A joint Fermilab/SLAC publication

 

Physicists harness the power of probability

January 06, 2014

Physicists harness the power of probability

What do the stock market, weather models and the discovery of the Higgs boson all have in common? They all are deeply indebted to statistics.

Albert Einstein was greatly disturbed by the idea that the universe is governed by an intrinsic randomness. He deeply mistrusted quantum mechanics, the set of rules that describe how particles behave—seemingly haphazardly—at the tiniest scale. In a 1926 letter to fellow physicist Max Born about this, Einstein famously wrote in protest, “God doesn’t play dice.”

Quantum mechanics sabotaged Einstein’s vision of elegant and deterministic natural laws. In 1935 he teamed up with two other scientists to disprove one of its principles—the Heisenberg Uncertainty Principle—which shows that it is impossible to know simultaneously the exact position and velocity of a particle.

But unfortunately for Einstein, his multiple attempts to gut quantum mechanics were in vain. Decades of physics research show that nature, at its most fundamental level, seems to be governed by chance.

Instead of battling this element of uncertainty, scientists—along with economists, meteorologists and casino owners—create statistical models to predict the behavior of particles, stocks, storms and clients at a blackjack table. They can’t foresee exactly what will happen, but they can map the likelihood of different situations and develop a general idea of what they should expect. For example, a casino owner doesn’t know exactly how much money a given patron will take away from the blackjack table. But, thanks to statistical modeling, he or she knows the average amount, and then uses this information to guarantee a steady profit.

Physicists do something similar to predict possible experimental outcomes: They run simulations.

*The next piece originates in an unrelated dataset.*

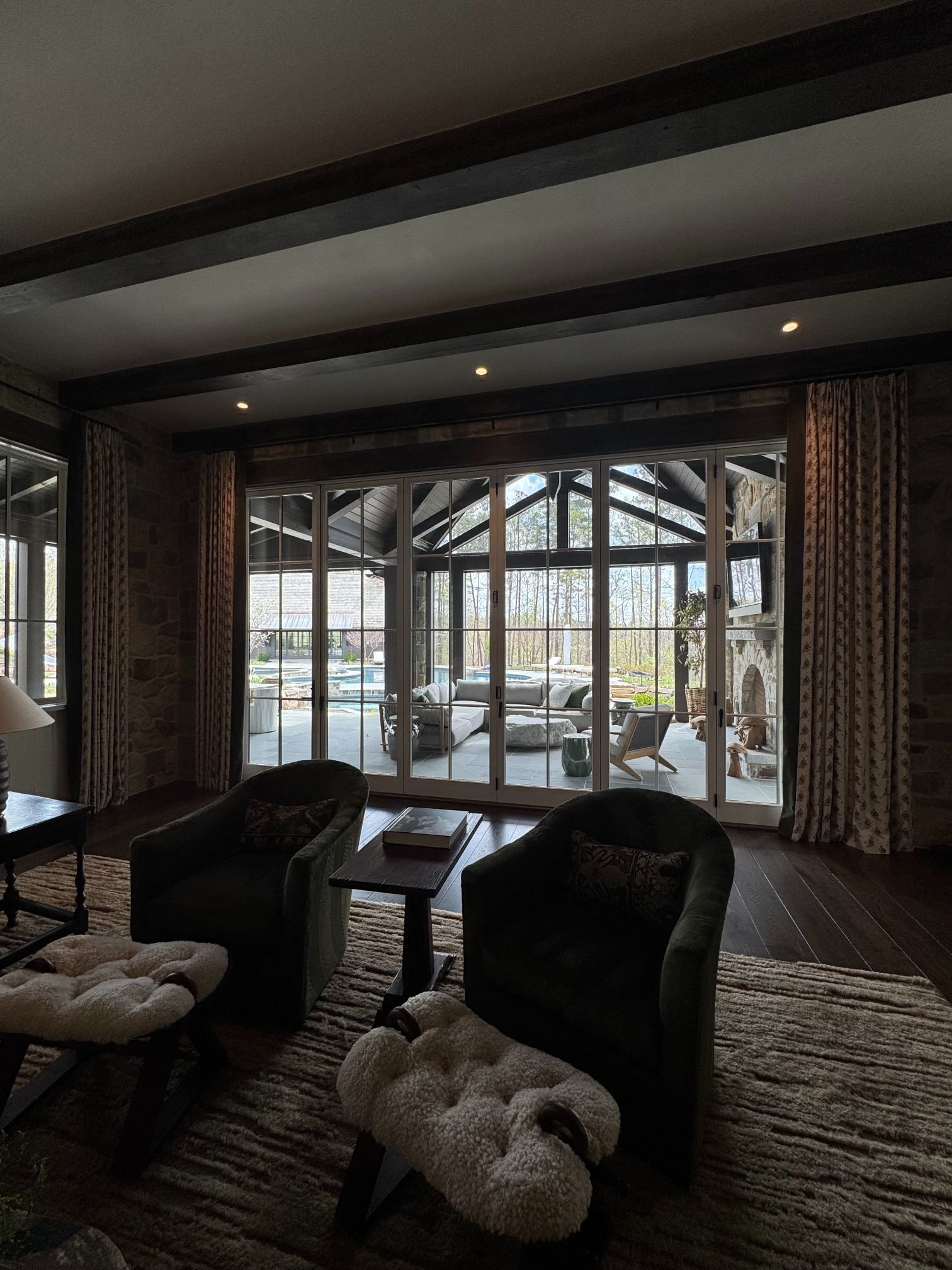 Cozy lounge with armchairs and a coffee table, overlooking a snowy outdoor patio through large windows.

In recognition of the role this type of modeling plays in casino economics, they call them "Monte Carlo simulations" after the famous casino in Monaco.

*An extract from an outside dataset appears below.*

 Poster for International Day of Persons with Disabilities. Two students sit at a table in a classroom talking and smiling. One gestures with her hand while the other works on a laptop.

Monte Carlo simulations make predictions about physical phenomena based on everything scientists know, both about their experimental setup and about how particle physics works. The simulations help experimentalists design their detectors and understand their data, and they help theorists make predictions. Comparing predictions with experimental results can tell physicists whether their theories are correct. Any deviations provide hints that they might have found something new.

Today, Monte Carlo simulations play a vital role in every field that uses statistics to make predictions—including finance, risk-management, computing, engineering, meteorology, baseball, video games and political science. For example, sports analysts use batting averages and player statistics to simulate hundreds of baseball games and predict how each team will fare during the season.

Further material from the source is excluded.